[Stored items]
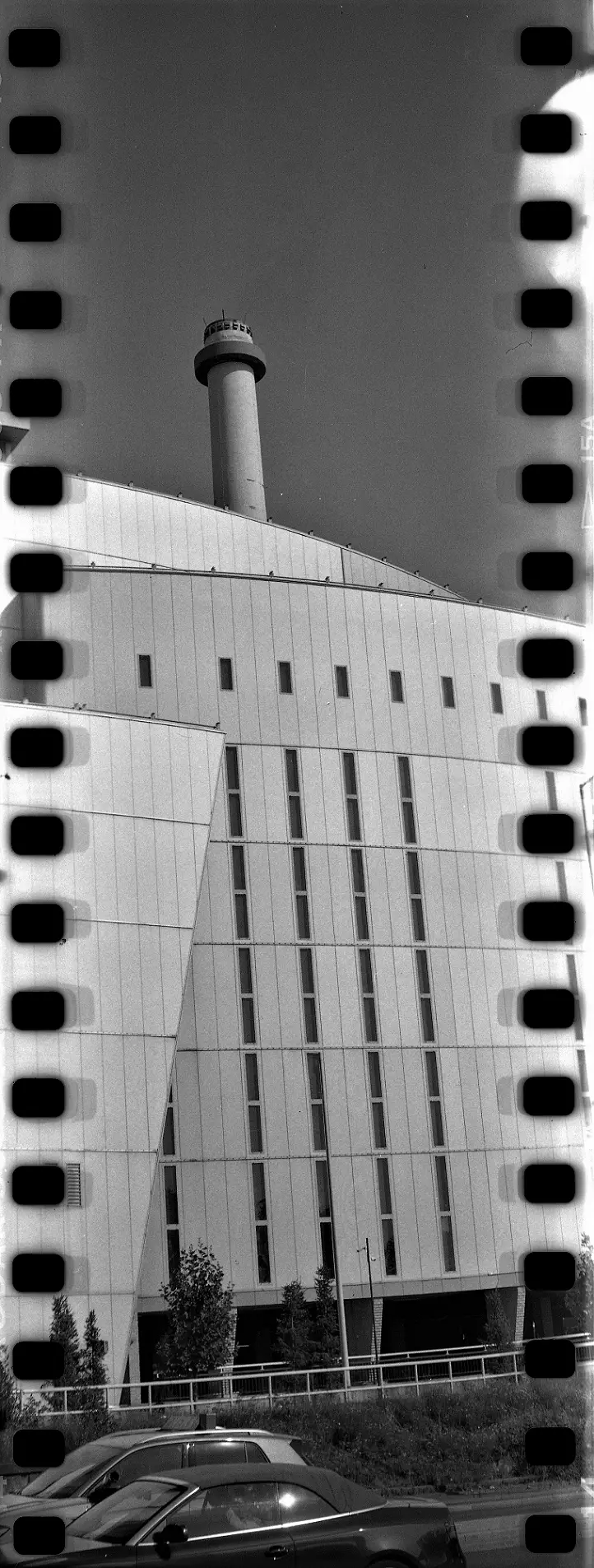 Vertical panorama of a tall industrial building with a chimney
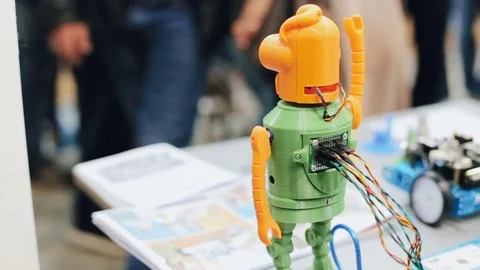 An electronic robot waving hands in a shopping center Stock Footage 80982457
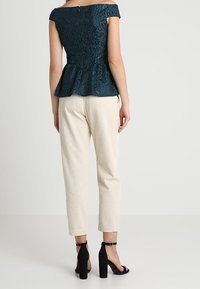 Haut péplum en dentelle turquoise à manches épaules dénudées, associé à un pantalon en velours côtelé crème et des sandales à talons noires. Vue de dos de la tenue.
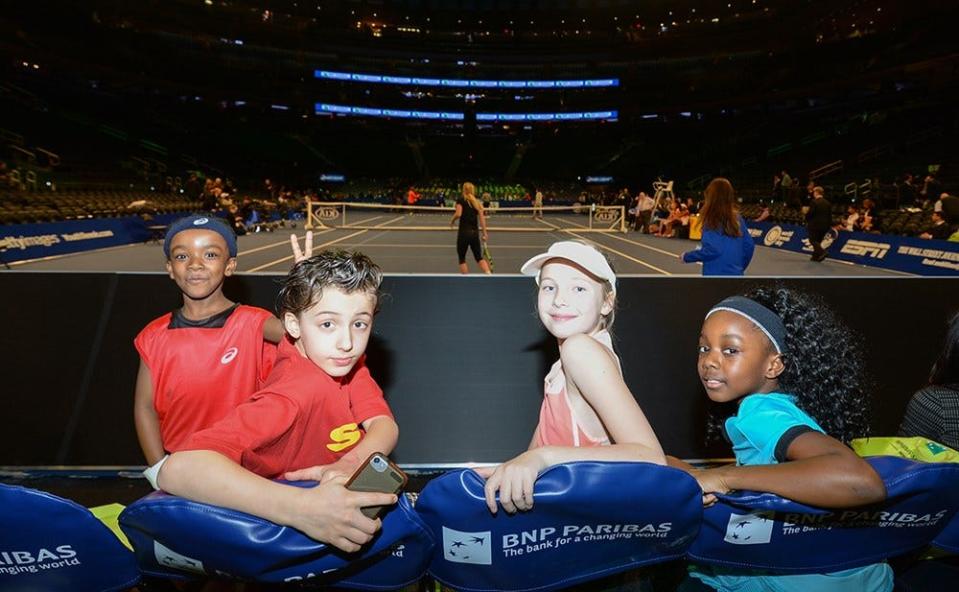 From left to right, John Henry Mills, Sebastian Astorga, Julia Wojtowicz (at age 10) and Chantajah Mills, the lookalikes for tennis stars Carolina Wozniacki, Serena Williams, Stan Wawrinka and Gael Monfils in a World Tennis Day event at Madison Square Garden in 2016.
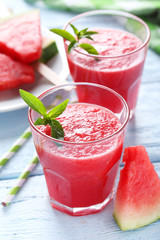 Fresh watermelon juice in the glass on wooden table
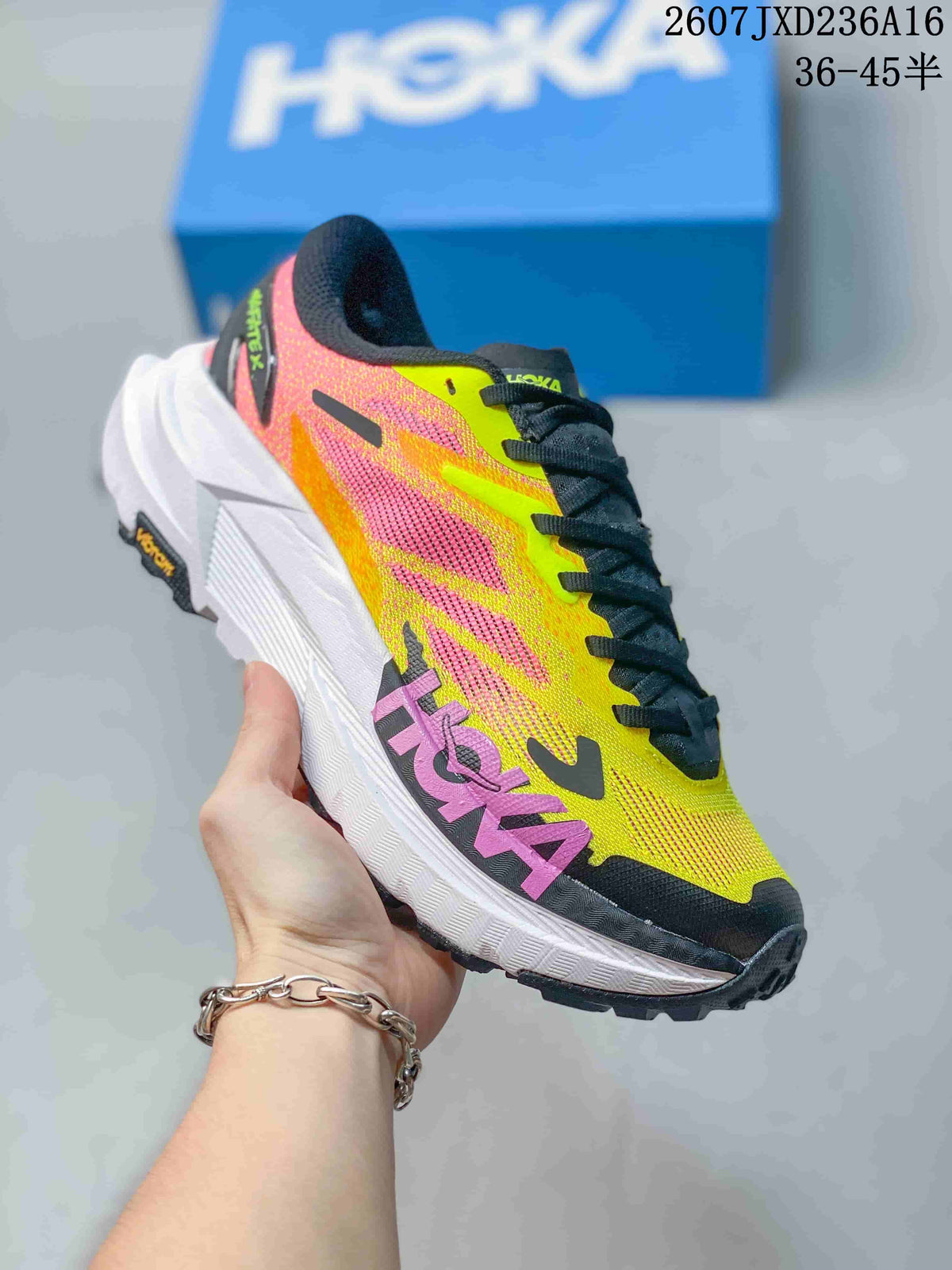 Side view of a yellow and pink Hoka MAFATE X shoe with black laces, a raised white midsole, and dark outsole.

## WORK TO COMPLETE:
The copy should hold every entry above word for word and none of the pictures.

## FINISHED EXERCISE:
 Vertical panorama of a tall industrial building with a chimney
 An electronic robot waving hands in a shopping center Stock Footage 80982457
 Haut péplum en dentelle turquoise à manches épaules dénudées, associé à un pantalon en velours côtelé crème et des sandales à talons noires. Vue de dos de la tenue.
 From left to right, John Henry Mills, Sebastian Astorga, Julia Wojtowicz (at age 10) and Chantajah Mills, the lookalikes for tennis stars Carolina Wozniacki, Serena Williams, Stan Wawrinka and Gael Monfils in a World Tennis Day event at Madison Square Garden in 2016.
 Fresh watermelon juice in the glass on wooden table
 Side view of a yellow and pink Hoka MAFATE X shoe with black laces, a raised white midsole, and dark outsole.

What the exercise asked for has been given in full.